As anyone who has bought or sold a property could recount, there are plenty of forms to sign. And today there are more than ever. As the world has changed and there have been reactions to failures within any system, new protocol is set up to try to control all that.
When we go out with a buyer one of the first things we do is to discuss agency. There is a form which I believe was new about two years ago which must be signed by all potential buyers. When first introduced there was some discussion as to when this needed to happen and it got a bit sticky. What I understood from my continuing education person, who is terrific, is that provided you discuss it immediately, when in the continuum of working with someone that form is signed depends on when there is "substantive discussion" about a specific property that might become something they'd write a contract on.
There are different schools of thought. I know one Realtor who gets that form signed before clients are taken to a single property. This is because they have been burned by buyers who didn't take the process seriously. What the form outlines is the list of obligations that a Realtor has to their client. Also, in most cases the form selected and set out for signature states that Realtor is working exclusively for the buyer. That buyer is represented. That buyer has someone in their corner to help them through every step of the process. This is real, contractual responsibility as important as the listing agreement is between Realtor and seller.
With the form you can select a duration of just the one day that the new buyers are agreeing to work with you. It doesn't have to be for a week, a month or a year. That way at the end of the day purchasers can evaluate their experience and see if they would be pleased to continue working with that individual. I tend to have the conversation, but not push for a signed piece of paper. Generally if someone doesn't want to work with me after a day of looking at real estate, then probably I'm better off without them. Thus far I've not had that experience. If someone didn't want to work with me it is because they determined that the Northern Neck wasn't the area for them to pursue. Ususally that doesn't happen either because I have enough passion for living here that I think some of it rubs off. Some of the hurdles don't seem so high. There really is a gentleness to life here, but establishing your connections and your patterns makes a difference.
Let's keep going on the buyer side. So a buyer signs the form, sooner or later. And finds a property and wants to write an offer. That writing an offer includes a bunch of forms. There is the contract itself which outlines the who (seller and buyer), the what (the tax map number, physical address, deed book/deed page that describes the property), the when (what is the expected close date) and the where (who will close it, be it an attorney, a title company, or to be determined). Obviously there are other items such as how it will be paid for, cash or financing or even owner financing. A down payment, any special considerations that may have come up. It could be contingent on a number of things, not just financing. It all depends.

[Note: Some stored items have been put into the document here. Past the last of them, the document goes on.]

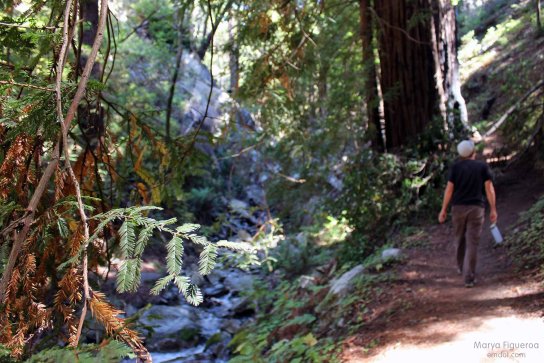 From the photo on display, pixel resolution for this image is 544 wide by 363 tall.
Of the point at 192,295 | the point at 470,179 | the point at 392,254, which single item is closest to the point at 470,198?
the point at 470,179

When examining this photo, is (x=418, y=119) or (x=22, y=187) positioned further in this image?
(x=418, y=119)

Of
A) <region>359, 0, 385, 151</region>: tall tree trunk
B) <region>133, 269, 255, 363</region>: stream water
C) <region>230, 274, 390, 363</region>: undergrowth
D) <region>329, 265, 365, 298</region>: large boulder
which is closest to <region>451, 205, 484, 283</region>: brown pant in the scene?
<region>230, 274, 390, 363</region>: undergrowth

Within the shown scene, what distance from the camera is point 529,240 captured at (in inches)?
245

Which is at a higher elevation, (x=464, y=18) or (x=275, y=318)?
(x=464, y=18)

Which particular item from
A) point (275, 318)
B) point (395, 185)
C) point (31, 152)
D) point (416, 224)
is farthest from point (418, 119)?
point (31, 152)

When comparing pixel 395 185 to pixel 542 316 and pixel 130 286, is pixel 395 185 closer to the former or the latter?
pixel 542 316

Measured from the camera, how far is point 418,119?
8758mm

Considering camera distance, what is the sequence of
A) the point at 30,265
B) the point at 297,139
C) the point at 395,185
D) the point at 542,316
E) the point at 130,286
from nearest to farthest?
the point at 130,286 → the point at 30,265 → the point at 542,316 → the point at 395,185 → the point at 297,139

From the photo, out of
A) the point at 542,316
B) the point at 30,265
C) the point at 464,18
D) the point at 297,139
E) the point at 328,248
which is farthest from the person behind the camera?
the point at 464,18

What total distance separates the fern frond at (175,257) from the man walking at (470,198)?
4765 millimetres

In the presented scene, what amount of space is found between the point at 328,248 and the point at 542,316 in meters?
7.73

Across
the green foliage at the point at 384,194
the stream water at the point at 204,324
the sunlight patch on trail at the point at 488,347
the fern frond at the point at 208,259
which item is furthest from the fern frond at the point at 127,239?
the green foliage at the point at 384,194

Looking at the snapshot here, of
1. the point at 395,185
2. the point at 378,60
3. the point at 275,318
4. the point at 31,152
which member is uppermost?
the point at 378,60

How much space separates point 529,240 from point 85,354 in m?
6.17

Move on from that form to the other forms. The Disclosure form which the seller has had to sign also needs to be signed by the buyer. What this form really says is that the seller doesn't know anything wrong with the property related to things like limitations from an Historic District, run-off water, power plants....lots of different things that mostly don't affect us here, but the form should be looked through. It says, buyer beware, you are in charge of finding out about the property. Granted there are a couple of protections in place. Almost everyone I've ever worked with signs the Home Inspection form and a professional home inspector looks at the house at the buyers' expense. If items that one would expect would be kept up at the house are not up to snuff, then those are requested as repairs within the context of getting to closing. There is often negotiation of there seems to be excessive requests, etc. So the home inspection form protects the buyer. There is also a clause in the contract that states that the property will be conveyed by general warranty deed which means that it will be protected and guaranteed to the highest level. This is confirmed through the title search that is done when a property is going to closing. So yes, there are safeguards. But there is nothing like a bit of snooping to be helpful in all this. What if someone down the street is a real junker and is constantly moving stuff back and forth past your front door. No one is going to tell you this. You need to come back and visit your house a couple of times. Not that I'm suggesting paranoia, and generally this kind of issue seems to be more pertinent where people live closer together. And really, if you are concerned you should do this checking prior to writing a contract. (To tell you the truth practically none of my buyers over the last twenty years specifically did this sort of snooping. They just got to know the neighborhood a bit, probably talked to a neighbor or two and that was that. No complaints....it all worked out.)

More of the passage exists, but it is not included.